I work as a consultant for a company called Xebia, and have worked as a consultant for most of my career so far. Working as a consultant means getting hired by a company that needs certain expertise in order to (hopefully) solve a business- or technical problem.
On paper, this looks like a valid approach: your company has a technical problem, hires an expert, problem gets solved. Everybody wins. Reality however, can be quite messy. The consultant (or his/her boss) makes a lot of money, and the problem doesn’t get solved. This happens more often than it should.
While ‘evil consulting firms’ do exist, a consultancy-job-gone-bad does not necessarily imply a conspiracy, and in most cases it is as frustrating for the consultant as it is for you, the client.
But why does it happen?
1: it’s (not just) a technical problem
In many cases, companies hire an expert to solve a technical problem, but after a short while it turns out problem isn’t a technical one, but a case of bad communication or just a bad security policy.
For instance, I have seen companies spend six figures to have a development setup built (which turned out to be ineffective), when all they actually needed was to enable virtualization support (which was available) on the developers’ workstations, but their ‘IT desktop policy’ didn’t allow this.

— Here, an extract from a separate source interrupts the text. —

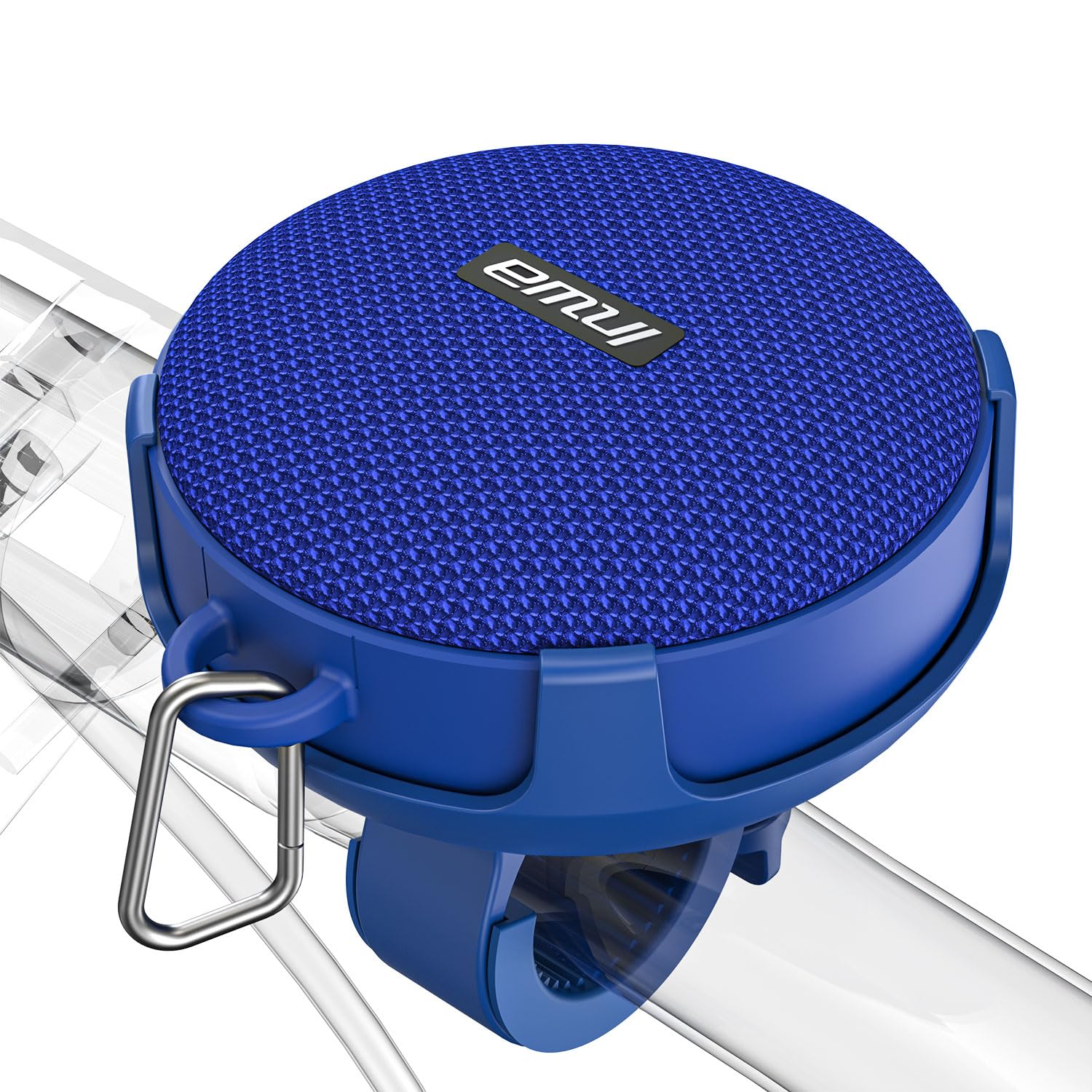 Inwa Portable Bluetooth Speaker, Bike Speaker with Speed Display, Wireless Speaker with 480 Mins Super Long of Playtime. Decent Sound, Compact Size and Loudness for Riding, Hiking, Showering, Golfing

In most cases, there actually is a technical problem to be solved, but some organizational changes are also needed. Failing to address the organizational side of the problem can have a huge impact on the technical solution, up to the point of the technical solution becoming ineffective or unusable.
2: (no) communication & mandate
Sometimes, a manager hires an expert, but fails to properly inform all people involved about a few basic things:
- Who has been hired?
- Why has this person been hired?
- What is he/she going to do here?
- What mandate/authority does he/she have?
This often results in a lot of resistance to change, lack of cooperation, and eventually lack of success. Make sure everyone involved is on the same page, and make sure the expert you’re hiring is given the mandate he/she needs.
3: (not) facilitating effectiveness
Hiring an expert is not cheap. Yet, it’s not unusual to see our effectiveness being impaired by this like:
- no workstation available at day one, but not allowed to use our own laptop either.
- waiting for user accounts: This can easily take a couple of days, and then a few more for every other user account that wasn’t created in the first place.
- no access to documentation: This gets more painful if you’re hired to solve a problem that involves multiple teams, as you might need to request access separately for each team’s documentation.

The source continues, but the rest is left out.